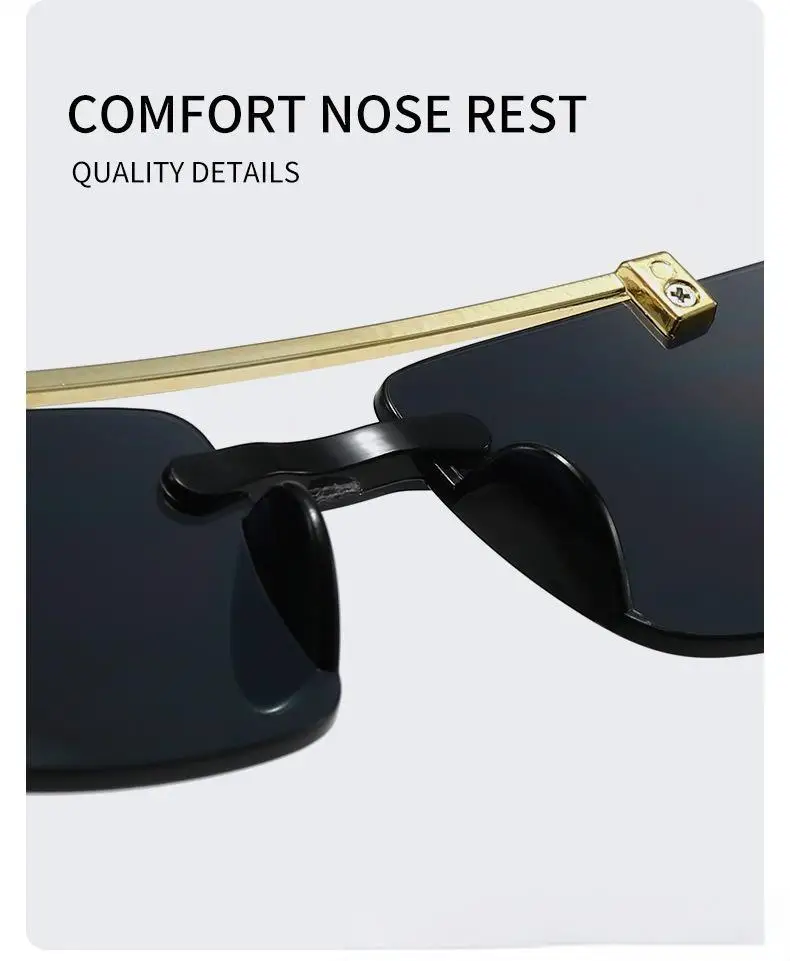 2025, neue modische rahmenlose Schneidkante, integrierte Doppelstrahl-Leopardenbein-Anti-UV-Sonnenbrille, Retro, vielseitig – Detail 5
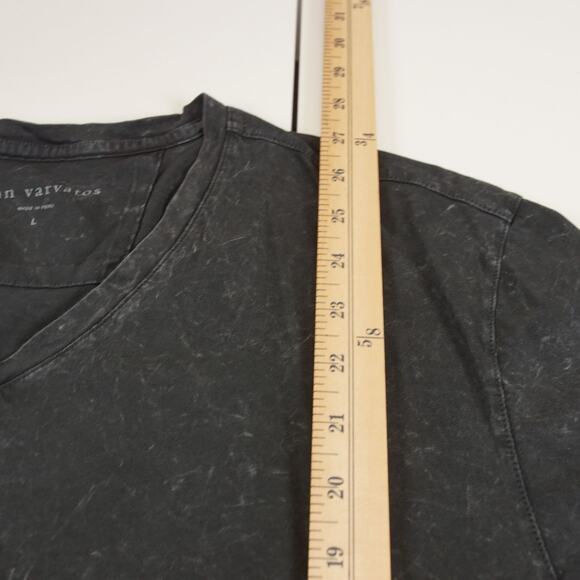 John Varvatos Reade Marble Wash V Neck Cotton T Shirt Mens Sz L - Picture 4 of 7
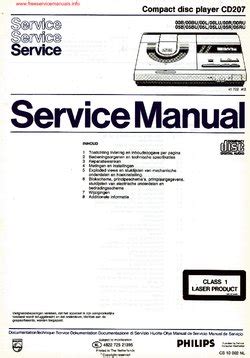 Philips CD207 Service Manual PDF Free Download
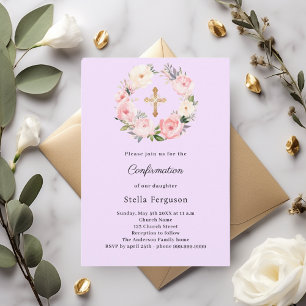 Invitación Florales de lavanda cruzan Confirmación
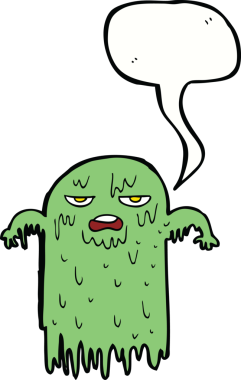 Bir insan tarafından çizilmiş baloncuklu sümüksü bir hayalet.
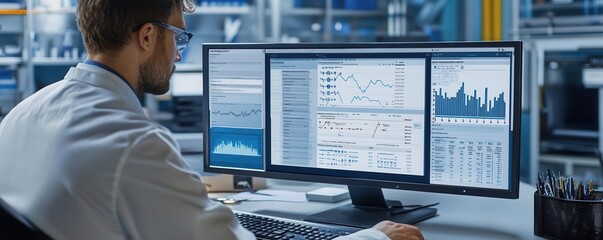 Engineer analyzing statistical control charts and graphs on a computer screen, SPC software interface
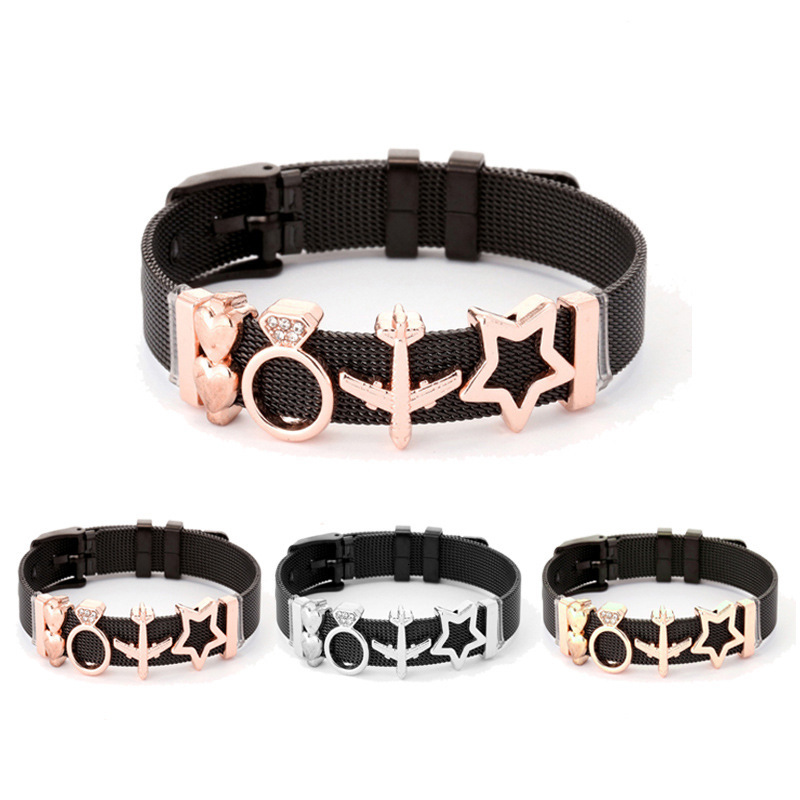 

Black Stainless Steel Reticular Bracelet Concise An Crown Love Lovers Bracelet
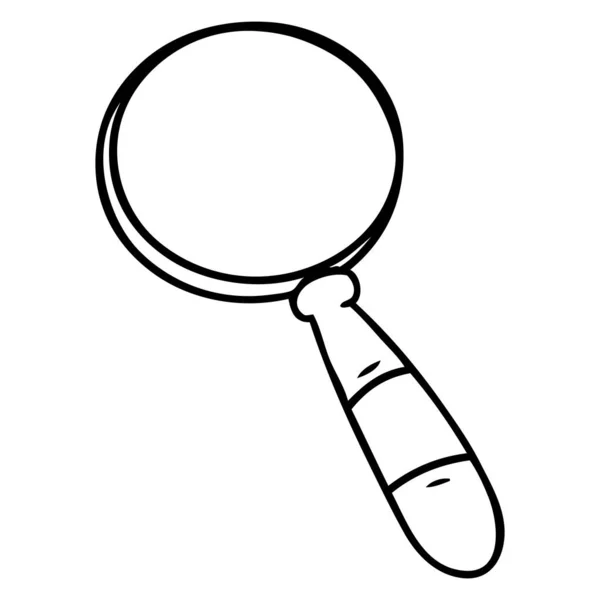 Γραμμικό σχέδιο doodle του ένα μεγεθυντικό φακό — Διανυσματικό Αρχείο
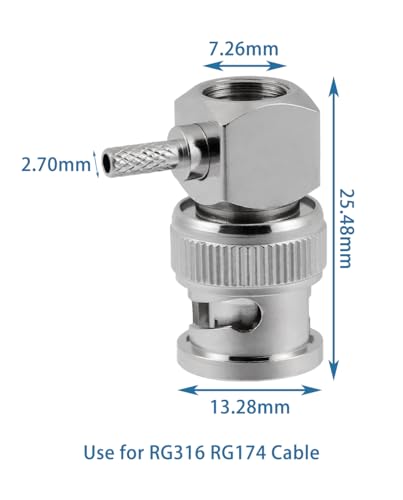 Vecys 5 PCS BNC Male Right Angle Crimp Connectors 50 Ohm BNC Male Crimp Connector for RG316 RG174 RF Coax Cable - Image 6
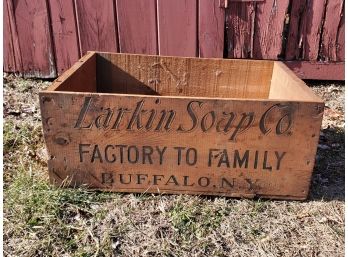 Wonderful Antique Larkin Soap Wooden Shipping Crate With Original Address Label!!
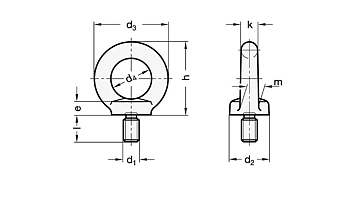 Lyftögla bult M12 DIN580 2st 0,34ton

**GOAL OF THE EXERCISE:** From the line containing "Black Stainless Steel" through the last line of the entries, both included, print each line exactly and omit any picture.

**TASK ANSWER:**
Black Stainless Steel Reticular Bracelet Concise An Crown Love Lovers Bracelet
 Γραμμικό σχέδιο doodle του ένα μεγεθυντικό φακό — Διανυσματικό Αρχείο
 Vecys 5 PCS BNC Male Right Angle Crimp Connectors 50 Ohm BNC Male Crimp Connector for RG316 RG174 RF Coax Cable - Image 6
 Wonderful Antique Larkin Soap Wooden Shipping Crate With Original Address Label!!
 Lyftögla bult M12 DIN580 2st 0,34ton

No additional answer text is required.